Since Sam Smith crooned their way into public consciousness with a guest feature on Disclosure’s 2012 song ‘Latch’ – a rare dance track that you’d equally hear in a Dalston bar as much as you would a Pryzm nightclub at the time – it always seemed a voice destined for greatness.
Thus it’s been proven so. Album sales of 37 million, 50 billion career streams and number one Billboard 200 spots for their debut and sophomore albums – 2014’s In The Lonely Hour and 2017’s The Thrill Of It All, respectively – don’t come lightly.
And there are more unique achievements that paint a picture of cultural prestige, too, including an Oscar and a Golden Globe for ‘The Writing’s On The Wall’, the tune for Bond film Spectre – a track which became the first James Bond Theme to reach No.1 on the UK Charts, bagging Smith one of two of their current Guinness World Records. (The other was for the most consecutive weeks in the UK Top 10 Album Charts, achieved with In The Lonely Hour).
Two shows at The Royal Albert Hall last year signified respect for Smith at the crème de la crème of art institutions as well.
But it’s fair to say Smith’s public reputation outside of music has met its fair share of snags. Not only did he mistakenly claim to be the first openly gay man to pick up an Oscar, but he also drew the ire of the public (and one Piers Morgan) when he shared a picture of his ‘quarantine meltdown’ – which was up there with the litany of celebs singing ‘Imagine’ with its state of cringe-worthiness.
More recently, as one of the most vocal proponents for having gender-neutral prizes at the BRITs, he became a lightning rod for criticism after the awards panel failed to nominate a single woman for Artist of the Year. In truth, such abject failure lies squarely with the voting panel themselves, but Smith’s name arose as something of a scapegoat, even if they did criticise the oversight themself.

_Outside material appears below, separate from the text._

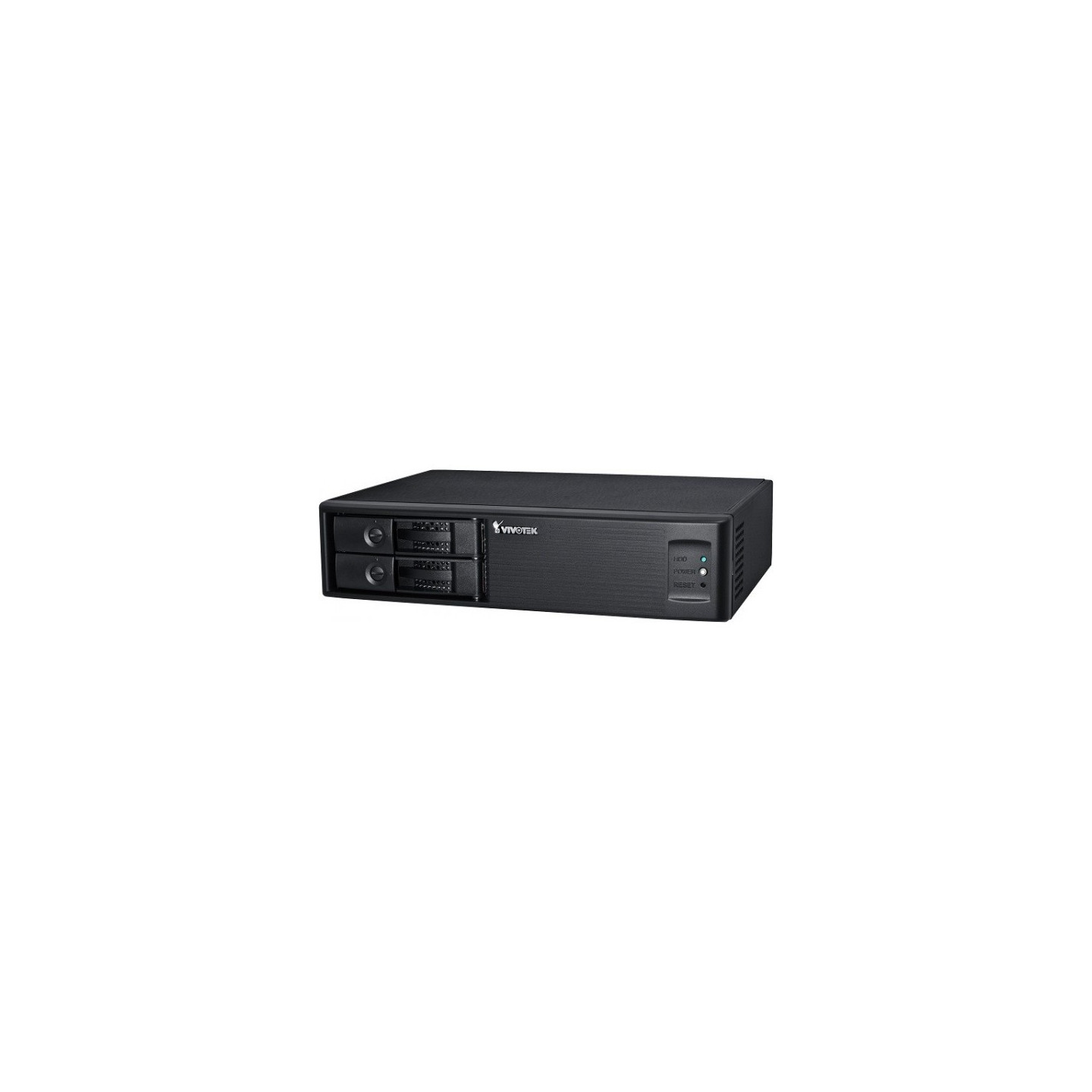 VIVOTEK ND8301 | NVR IP 8 Canales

Thankfully, on Gloria, we find the 30-year-old in a far more joyous, less self-indulgent place, seemingly casting all criticisms aside. Opening track ‘Love Me More’ sets the tone for this, as Smith, who came out as non-binary in 2019 “after a lifetime of being at war with [their] gender, ” reveals their newfound self-acceptance. “Lately, it’s not hurtin’ like it did before / Maybe I am learning how to love me more,” Smith proudly declares above a slow tempo beat on a track which begins with an organ and ends with a rousing choir.

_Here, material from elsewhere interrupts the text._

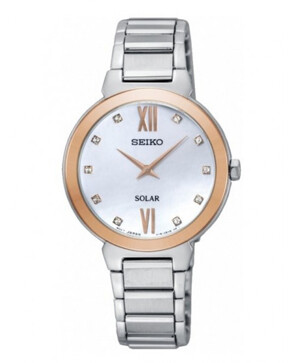 Đồng hồ nữ Seiko SUP382P1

In fact, a gospel aspect appears more than once on the album. For instance, the title track ‘Gloria’ even enlists the hymnal work of Smith’s childhood church in Saffron Walden. It’s a short track, almost an interlude of sorts, but at least showcases Smith’s never-in-doubt vocal range.
And just as there are the doors of the church, so too is there sin and salaciousness, notably (and rather obviously, given its title) on the chart-topping hit ‘Unholy’. Featuring LA-based German artist Kim Petras, the track made history twice as the first song to top the Hot 100 by both a publicly non-binary and a transgender soloist; its stop-start synth-pop tells the story of infidelity as a married man makes his sinful way to “the body shop”.

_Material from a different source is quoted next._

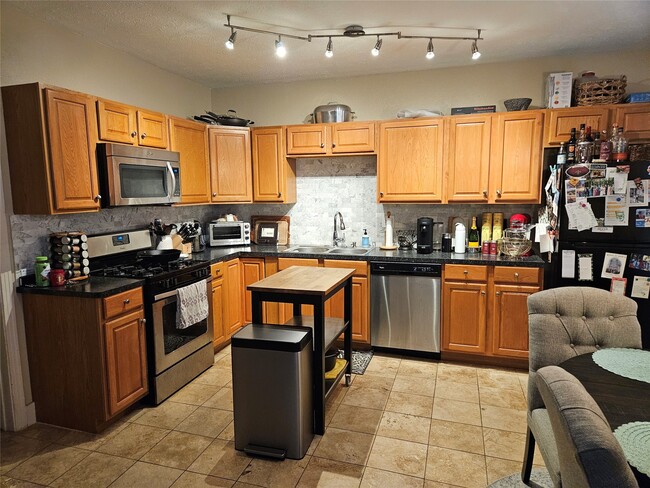 property at 6509 Corbin St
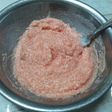 明太フランス用明太子クリーム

Along with the two tracks that feature Jessie Reyez – the smoky neo-soul of ‘Perfect’ and the dancehall-inflected ‘Gimme’, which also features Jamaica’s Grammy-winning Koffee – they perhaps reflect the most significant sonic departures from Smith of old.
‘How To Cry’, the album’s acoustic midpoint, is the most basic track on the record with little by way of unique songwriting, never improving much beyond the opening line, “I don’t know when you’re sad / I can’t tell when you’re mad”.
Trash pop tune ‘Lose You’ represents a slight nod to Smith’s feature work (a la ‘Latch’), whilst ‘I’m Not Here To Make Friends’ sounds like a disco take on Justice vs. Simian’s 2006 track ‘We Are Your Friends’, with its inevitably clean-cut production work from Calvin Harris.
Album closer ‘Who We Love’. Meanwhile, a ballad alongside pop’s ubiquitous presence Ed Sheeran is another very clear ode to feeling liberated in one’s sexuality, adding obvious reinforcement to the message imposed at the album’s beginning.
But sentiment aside, as a rather tepid duet, it sums up the album as a whole. Whilst it’s undoubtedly positive to see Smith in a more outwardly happy place, away from the despair and heartbreak of previous records, that doesn’t always make it a thrilling or innovative listen.